Penyuluhan hukum gratis yang merupakan buah kerjasama Kantor Pusat LBH-PK dan Kanwil Kemenkumham Jateng ini dilaksanakan di aula balai desa setempat. Acara dihadiri 30 orang yang merupakan perwakilan komponen pemdes, kelembagaan desa serta tokoh atau orang yang ditokohkan pada desa tersebut.

Kepala Desa Karangkemiri Sukmiah mengatakan menyambut baik program dari LBH-PK dan memberikan apresiasi sebab kegiatan sangat bermanfaat bagi warganya. “Karangkemiri baru kali ini mendapat program penyuluhan hukum gratis dari LBH-PK. Ini program bagus, berkwalitas dan amat bermanfaat bagi warga desa yang memang awam hukum,” kata Kades perempuan yang dikenal tegas dan disiplin tersebut saat memberikan sambutan.

Penyuluhan hukum gratis di Desa Karangkemiri menghadirkan Slamet Kusnandar,SH yang merupakan salah satu dewan pendiri sekaligus waketum LBH-PK Pusat sebagai narasumber utama.
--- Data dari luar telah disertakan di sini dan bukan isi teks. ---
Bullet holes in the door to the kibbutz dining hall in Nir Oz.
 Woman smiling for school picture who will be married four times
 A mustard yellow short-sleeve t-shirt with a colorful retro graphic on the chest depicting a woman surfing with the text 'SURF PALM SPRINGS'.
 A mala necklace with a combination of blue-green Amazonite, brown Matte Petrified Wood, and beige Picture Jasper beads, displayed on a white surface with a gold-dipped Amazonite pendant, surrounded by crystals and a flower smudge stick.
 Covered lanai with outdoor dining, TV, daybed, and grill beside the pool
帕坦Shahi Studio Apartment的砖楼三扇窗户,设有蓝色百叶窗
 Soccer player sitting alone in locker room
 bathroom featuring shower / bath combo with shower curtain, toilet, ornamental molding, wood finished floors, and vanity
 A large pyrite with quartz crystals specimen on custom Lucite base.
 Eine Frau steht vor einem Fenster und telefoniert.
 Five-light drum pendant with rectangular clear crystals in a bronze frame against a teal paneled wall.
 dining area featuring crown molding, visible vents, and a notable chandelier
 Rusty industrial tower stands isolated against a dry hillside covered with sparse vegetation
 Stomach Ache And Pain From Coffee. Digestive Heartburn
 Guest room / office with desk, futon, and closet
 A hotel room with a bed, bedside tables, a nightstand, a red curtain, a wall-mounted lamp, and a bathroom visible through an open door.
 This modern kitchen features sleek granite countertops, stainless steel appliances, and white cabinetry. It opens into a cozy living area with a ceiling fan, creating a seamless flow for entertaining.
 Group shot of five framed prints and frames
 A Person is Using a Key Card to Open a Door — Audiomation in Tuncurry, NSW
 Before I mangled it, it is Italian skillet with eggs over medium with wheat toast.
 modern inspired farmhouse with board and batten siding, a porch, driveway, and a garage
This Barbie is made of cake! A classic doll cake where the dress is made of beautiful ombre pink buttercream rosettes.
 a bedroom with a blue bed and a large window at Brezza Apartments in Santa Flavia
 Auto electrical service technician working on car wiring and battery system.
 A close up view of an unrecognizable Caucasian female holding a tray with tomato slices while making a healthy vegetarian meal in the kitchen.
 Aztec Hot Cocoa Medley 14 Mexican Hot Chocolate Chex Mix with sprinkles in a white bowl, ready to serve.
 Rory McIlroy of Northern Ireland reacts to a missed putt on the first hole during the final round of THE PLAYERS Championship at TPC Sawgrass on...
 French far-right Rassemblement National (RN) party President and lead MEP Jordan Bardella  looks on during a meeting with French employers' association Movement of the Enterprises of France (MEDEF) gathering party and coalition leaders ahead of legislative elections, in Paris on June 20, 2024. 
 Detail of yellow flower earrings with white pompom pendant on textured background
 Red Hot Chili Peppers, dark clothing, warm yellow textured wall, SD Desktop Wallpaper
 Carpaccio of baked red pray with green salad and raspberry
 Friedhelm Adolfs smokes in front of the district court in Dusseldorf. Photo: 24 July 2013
Dengan gayanya yang khas ‘njawani’, diselingi sedikit humor untuk mencairkan suasana, Slamet memaparkan definisi anak dan hak anak, hak-hak anak, kebutuhan dasar anak, persoalan anak dan pengertian perlindungan anak.

Slamet mengatakan bahwa perlindungan anak adalah segala kegiatan untuk menjamin dan melindungi anak dan hak-haknya agar dapat hidup, tumbuh, berkembang dan berpartisipasi secara optimal sesuai dengan harkat dan martabat kemanusiaan serta mendapat perlindungan dari kekerasan dan diskriminasi. “Negara sangat berkepentingan melindungi hak-hak anak dan memberikan jaminan perlindungan agar anak sebagai generasi penerus bangsa bisa tumbuh, berkembang dengan sebaik-baiknya,” ungkapnya.

Ia menambahkan bahwasanya anak adalah investasi besar bangsa dan negara untuk kokoh tegaknya negara bangsa ini. “Eksistensi negara ini salah satunya ada pada sikap negara memperlakukan anak sebagai generasi penerus,” imbuhnya.

Forum penyuluhan UU Perkawinan berlangsung kondusif, interaktif serta dialogis. Penyuluhan hukum yang dilaksanakan dengan aturan prokes covid19 itu menghangat saat sesi tanyajawab. Beberapa peserta menanyakan hal ihwal dispensasi nikah. Slamet memberikan pandanganya terkait dispensasi nikah.

Hal dispensasi nikah ini memang agaknya masih awam di ketahui publik, sementara trend pengajuan permohonan dispensasi nikah meningkat. “Ya faktor bebasnya pergaulan, lemahnya pengawasan orang tua di tambah mungkin masa pandemi serta canggihnya alat komunikasi sekarang ini bisa menjadi salah satu sebabnya,” ujar Slamet.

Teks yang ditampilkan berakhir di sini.